O'Neill v. King et al
ORDER ADOPTING 32 REPORT AND RECOMMENDATIONS by District Judge Martha Vazquez: DENYING AS MOOT 21 ORDER on Motion for Order; DENYING AS MOOT 22 ORDER on Motion for Trial; DENYING AS MOOT 25 ORDER on Motion for Order; DENYING AS MOOT 26 OR DER on Motion for Order; DENYING AS MOOT 27 Motion to Appoint Counsel ; DENYING AS MOOT 28 ORDER on Motion for Order; DENYING AS MOOT 31 ORDER on Motion for Trial. IT IS THEREFORE ORDERED THAT: 1. The Magistrate Judge's Proposed Findings and Recommended Disposition (Doc. No. 32 ) is ADOPTED. 2. Petitioner's claims are dismissed WITH PREJUDICE. 3. All of Petitioner's pending Motions are hereby DENIED AS MOOT. (gr)

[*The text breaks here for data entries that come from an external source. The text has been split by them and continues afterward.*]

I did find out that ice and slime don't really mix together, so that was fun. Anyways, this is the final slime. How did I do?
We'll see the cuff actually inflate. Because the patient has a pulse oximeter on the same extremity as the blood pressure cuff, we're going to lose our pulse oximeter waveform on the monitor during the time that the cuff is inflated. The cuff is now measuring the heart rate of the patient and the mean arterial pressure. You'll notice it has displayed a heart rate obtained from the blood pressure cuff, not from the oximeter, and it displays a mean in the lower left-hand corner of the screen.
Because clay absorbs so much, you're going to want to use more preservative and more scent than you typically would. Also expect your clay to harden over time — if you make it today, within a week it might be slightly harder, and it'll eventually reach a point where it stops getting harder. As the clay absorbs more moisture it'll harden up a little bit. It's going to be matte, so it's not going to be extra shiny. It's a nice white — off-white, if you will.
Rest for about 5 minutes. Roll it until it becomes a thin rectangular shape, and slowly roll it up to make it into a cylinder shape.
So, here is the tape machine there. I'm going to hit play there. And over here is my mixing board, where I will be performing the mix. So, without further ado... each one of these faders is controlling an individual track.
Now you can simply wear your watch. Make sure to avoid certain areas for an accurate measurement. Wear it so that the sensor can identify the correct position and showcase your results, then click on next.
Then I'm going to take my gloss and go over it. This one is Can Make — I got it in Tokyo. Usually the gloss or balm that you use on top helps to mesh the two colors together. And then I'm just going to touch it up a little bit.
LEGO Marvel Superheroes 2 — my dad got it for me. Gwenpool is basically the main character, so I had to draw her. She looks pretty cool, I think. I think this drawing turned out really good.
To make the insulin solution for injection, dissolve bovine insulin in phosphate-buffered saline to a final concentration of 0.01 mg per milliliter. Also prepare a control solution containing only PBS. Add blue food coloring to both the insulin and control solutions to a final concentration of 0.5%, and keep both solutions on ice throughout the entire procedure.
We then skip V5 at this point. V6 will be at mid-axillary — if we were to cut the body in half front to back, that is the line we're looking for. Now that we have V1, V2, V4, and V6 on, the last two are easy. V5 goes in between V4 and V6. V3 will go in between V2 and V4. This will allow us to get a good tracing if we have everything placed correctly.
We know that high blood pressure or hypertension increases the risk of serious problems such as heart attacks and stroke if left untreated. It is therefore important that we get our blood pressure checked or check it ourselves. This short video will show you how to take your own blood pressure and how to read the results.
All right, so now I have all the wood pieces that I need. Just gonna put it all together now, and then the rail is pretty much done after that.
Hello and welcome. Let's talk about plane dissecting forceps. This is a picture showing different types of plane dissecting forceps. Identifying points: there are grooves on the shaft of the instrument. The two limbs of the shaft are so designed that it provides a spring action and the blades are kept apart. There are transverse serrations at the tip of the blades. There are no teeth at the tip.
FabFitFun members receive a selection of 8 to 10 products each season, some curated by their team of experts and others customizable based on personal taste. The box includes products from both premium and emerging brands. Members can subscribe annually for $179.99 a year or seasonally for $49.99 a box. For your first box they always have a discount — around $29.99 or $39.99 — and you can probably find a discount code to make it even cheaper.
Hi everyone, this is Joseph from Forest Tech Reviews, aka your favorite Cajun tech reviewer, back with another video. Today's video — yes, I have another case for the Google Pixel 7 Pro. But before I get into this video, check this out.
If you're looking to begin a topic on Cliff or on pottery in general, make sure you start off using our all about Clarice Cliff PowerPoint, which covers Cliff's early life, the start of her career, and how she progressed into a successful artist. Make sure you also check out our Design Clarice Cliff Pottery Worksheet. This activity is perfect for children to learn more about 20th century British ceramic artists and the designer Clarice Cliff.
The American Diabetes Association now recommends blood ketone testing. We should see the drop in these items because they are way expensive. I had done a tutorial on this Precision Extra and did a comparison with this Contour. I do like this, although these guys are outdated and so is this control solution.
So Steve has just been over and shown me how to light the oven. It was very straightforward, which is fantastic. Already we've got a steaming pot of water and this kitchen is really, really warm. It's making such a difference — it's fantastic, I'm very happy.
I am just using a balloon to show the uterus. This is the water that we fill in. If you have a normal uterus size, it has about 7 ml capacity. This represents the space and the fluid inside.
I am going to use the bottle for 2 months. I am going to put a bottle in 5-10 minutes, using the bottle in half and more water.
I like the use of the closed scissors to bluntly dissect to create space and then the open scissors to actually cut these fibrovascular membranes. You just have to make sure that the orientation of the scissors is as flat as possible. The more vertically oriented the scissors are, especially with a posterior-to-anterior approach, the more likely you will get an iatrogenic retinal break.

UNITED STATES DISTRICT COURT
DISTRICT OF NEW MEXICO
Civ. No. 15-1050 MV/GJF
JOE GARCIA, Warden,
ORDER OVERRULING OBJECTIONS AND ADOPTING MAGISTRATE
JUDGE’S PROPOSED FINDINGS AND RECOMMENDED DISPOSITION
THIS MATTER is before the Court on Petitioner Daniel O’Neill’s application for a writ
of habeas corpus pursuant to 28 U.S.C. § 2241. Doc. No. 1 (“Petition”). On September 29,
2016, Magistrate Judge Gregory J. Fouratt filed his Proposed Findings and Recommended
Disposition (“PFRD”) advising that the Court dismiss Petitioner’s claims.
Doc. No. 32.
Specifically, he found that Petitioner had set forth the following putative ground for relief:
Petitioner’s complaint is that he was unlawfully denied a state parole hearing in
2003 and 2004 and that the parole he ultimately received in 2006 should have
been granted to him back in 2003. Had that happened, he implicitly contends, he
would have started serving his current 33-year sentence sooner and been that
much closer to its expiration than he is now. Petitioner claims that this turn of
events has subjected him to “cruel and unusual punishment and illegal process
and every violation of the Constitution.”
PFRD at 1 (quotation marks in original). According to Judge Fouratt’s analysis, Petitioner’s
claim fails at the threshold level because it is time-barred and because Petitioner failed to exhaust
his available state remedies. Id. at 3-6. Even if this Court were to disregard these procedural
bars, Judge Fouratt recommended that this Court deny Petitioner’s claim on the merits, as “the
record is manifestly and unmistakably clear that the Parole Board complied with the order and
granted Petitioner the parole hearings the law accorded him.” Id. at 5.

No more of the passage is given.